SUPPLIED RECORDS Block Start
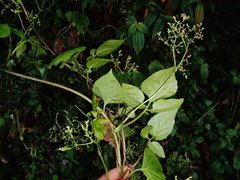 Valeriana scandens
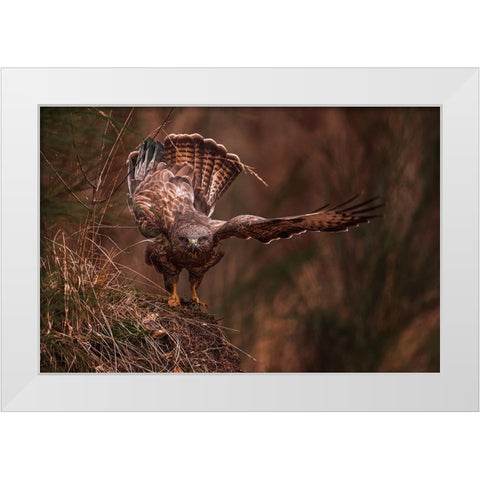 Going Away White Modern Wood Framed Art Print by J Ter, Gert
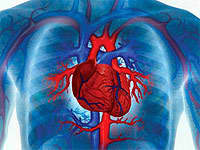 Tórax y sistema cardiovascular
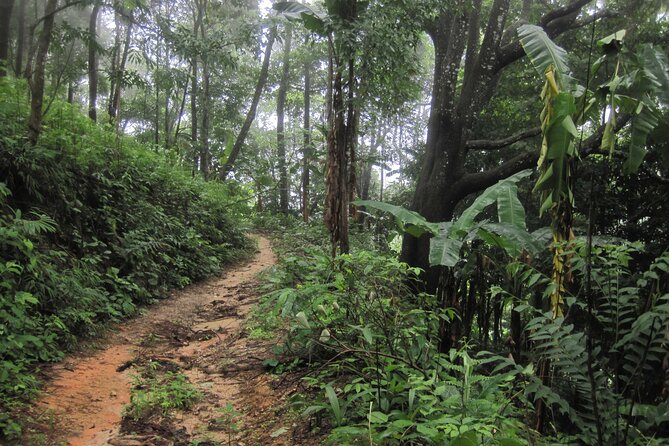 No.1 Chiang Mai: Advanced XC Downhill Biking, Doi Suthep N. Park - Pickup, timing, and how the day stays organized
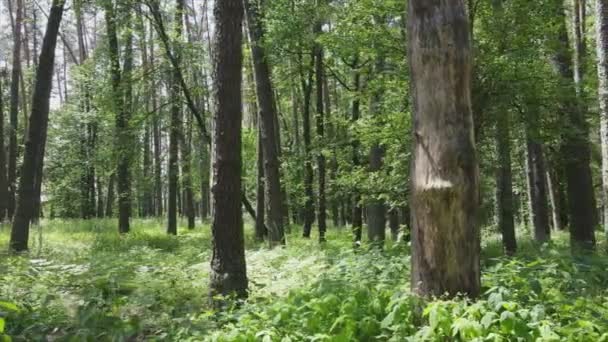 Dieses Archivmaterial Zeigt Einen Wald Einem Sommertag Zeitlupe Auflösung — Stockvideo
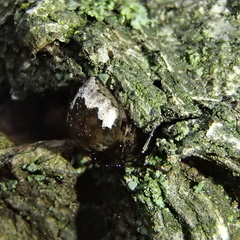 Euryopis funebris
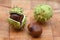 fruits of the horse chestnut tree, Aesculus hippocastanum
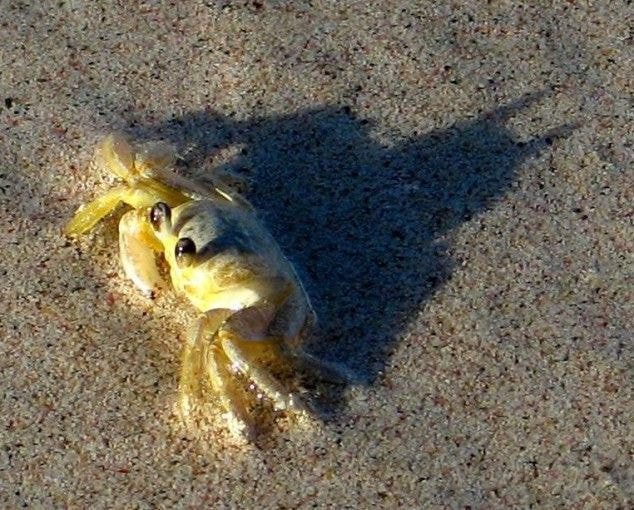 조커 흥행이 못마땅한게 | 인스티즈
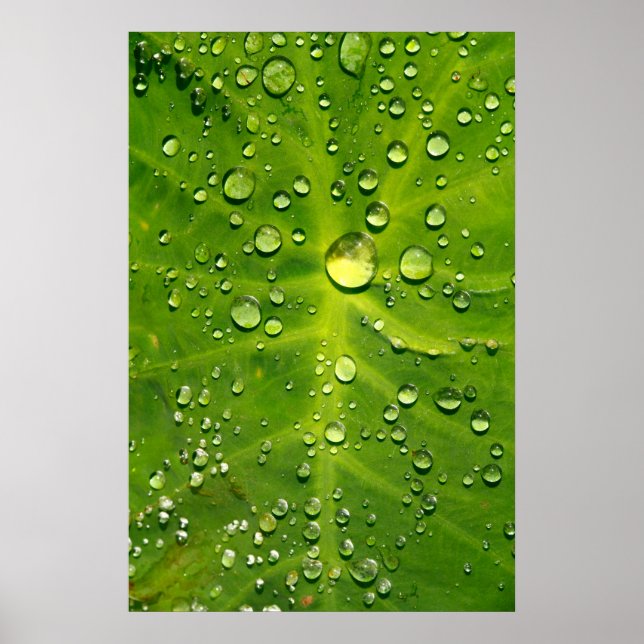 Raindrops on taro leaf poster (Vorne)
SUPPLIED RECORDS Block End
WHAT YOU ARE ASKED TO DO: An exact repeat of all the data is required, pictures excluded.

WORKED SOLUTION:
 Valeriana scandens
 Going Away White Modern Wood Framed Art Print by J Ter, Gert
 Tórax y sistema cardiovascular
 No.1 Chiang Mai: Advanced XC Downhill Biking, Doi Suthep N. Park - Pickup, timing, and how the day stays organized
 Dieses Archivmaterial Zeigt Einen Wald Einem Sommertag Zeitlupe Auflösung — Stockvideo
 Euryopis funebris
 fruits of the horse chestnut tree, Aesculus hippocastanum
 조커 흥행이 못마땅한게 | 인스티즈
 Raindrops on taro leaf poster (Vorne)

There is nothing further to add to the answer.